Upgrades to the lineup

The Braves lineup is infinitely better than what it was a year ago, which is pretty incredible. Matt Olson was never going to immediately replace Freddie Freeman’s production, but he remains one of the better first basemen in baseball; just ask the Mets. That, along with the loss of Ozzie Albies, are the only “downgrades” to the lineup, but the rest of the group has been upgraded considerably.

First and foremost, Ronald Acuña is back. He hasn’t played like the MVP he was before the ACL injury, but he’s still elite, and something tells me he’s going to be at his best in the postseason when he can leave it all on the field.

In center field, Michael Harris II has taken over and become one of the top 30 players in baseball. He should win the Rookie of the Year award… unless Spencer Strider, who we will talk about later, has something to say about it.

Finally, the emergence of William Contreras has added another element to this offense. The catcher position is a weak point offensively for most teams, but not the Braves. Their tandem has combined for 38 long balls, and both are capable of serving as the designated hitter.

Starting Pitching

The offense has been upgraded, but the most significant improvements to this year’s team have come to the pitching staff. It’s almost laughable Atlanta was able to win the World Series with the guys they started in the playoffs. Max Fried, Charlie Morton, and Ian Anderson were the “Big 3.” Those guys performed admirably, particularly Ian Anderson, but the Braves were starting Kyle Wright (before he became the Kyle Wright we know now), Tucker Davidson, and Dylan Lee in the World Series, and they somehow beat the Astros in six games.

That won’t be the case this time around.
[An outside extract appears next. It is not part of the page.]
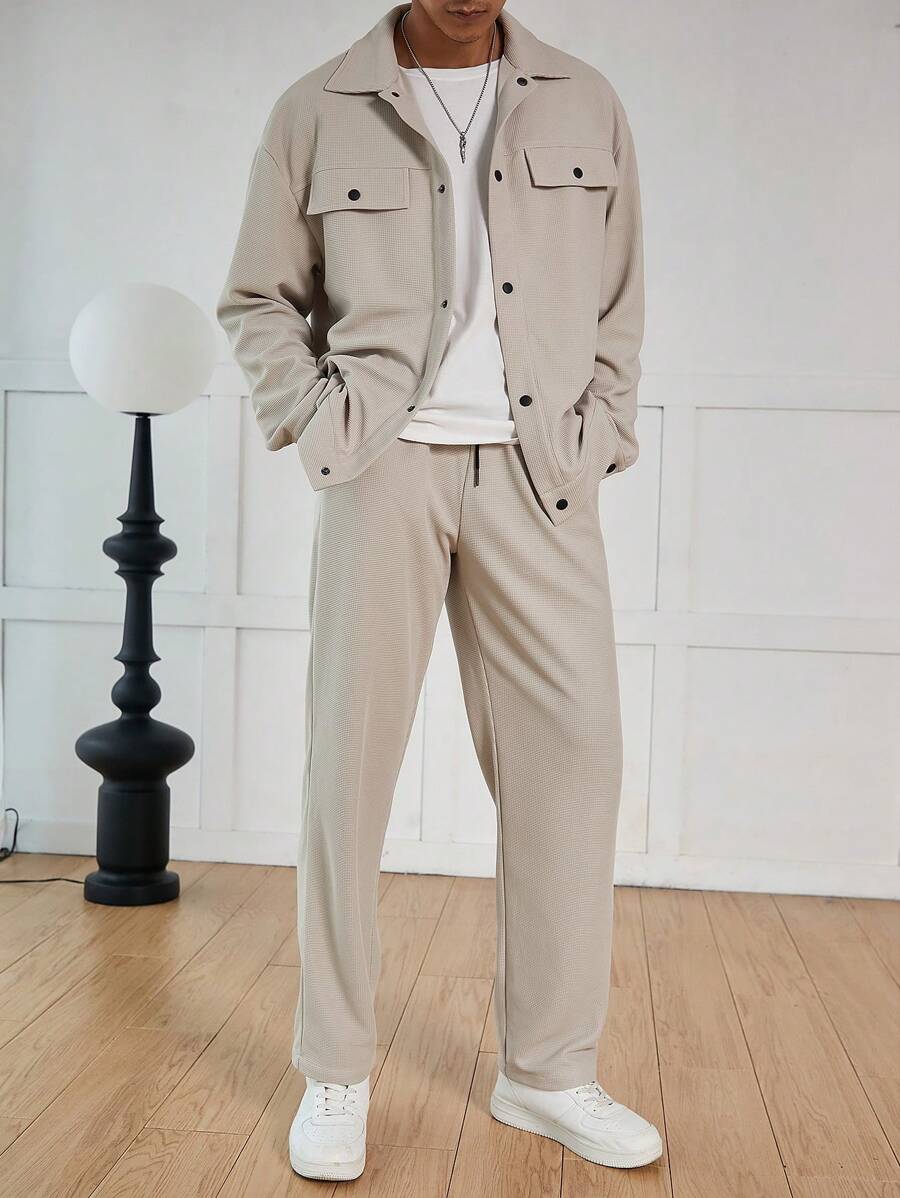 Hermann – Herren Jacquard Freizeitanzug Mit Waffelmuster Struktur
Fried remains the leader of the staff, but he’s been joined by another elite pitcher — Spencer Strider — who has been the best pitcher in baseball since the Braves added him to the rotation in late May. After those two comes Kyle Wright, and all he’s done is become the first Atlanta pitcher since 2003 to win 20 games. Charlie Morton, who has pitched in some of the biggest games in baseball history, is now the Braves’ fourth option. The way this group has upgraded since last season is astounding.


The improvements don’t cease with the Braves’ rotation. Atlanta’s bullpen was outstanding during last year’s postseason run, but it’s better this time around, and frankly, it’s not even close.

As good as Atlanta’s starting pitching is this year, they only have to go 4-5 innings to give the team a great chance to win. After that, Brian Snitker can turn to Collin McHugh, Raisel Iglesias, A.J. Minter, and Kenley Jansen. All four of them have been unbelievable of late, and McHugh, Iglesias, and A.J. Minter are all capable of pitching multiple innings.

What’s even crazier is the top-end talent doesn’t stop there. Dylan Lee has been spectacular this season, Jesse Chavez turns into Mariano Rivera once he puts on a Braves jersey, Tyler Matzek is like the eighth-best guy in the bullpen, and Jackson Stephens has also been a fantastic find by Alex Anthopoulos.

Throw out whatever stats you have; nobody has more firepower in the bullpen than the Braves, which is oftentimes what decides a playoff series.

You can look at the standings and conclude that the Dodgers or Astros are better teams, but the reality is nobody has been better than Atlanta over the last four months. The Braves have the best record since June 1st and have clearly improved in all facets since winning the World Series last season. Can you say the same thing about the Astros and Dodgers? I’m not sure you can.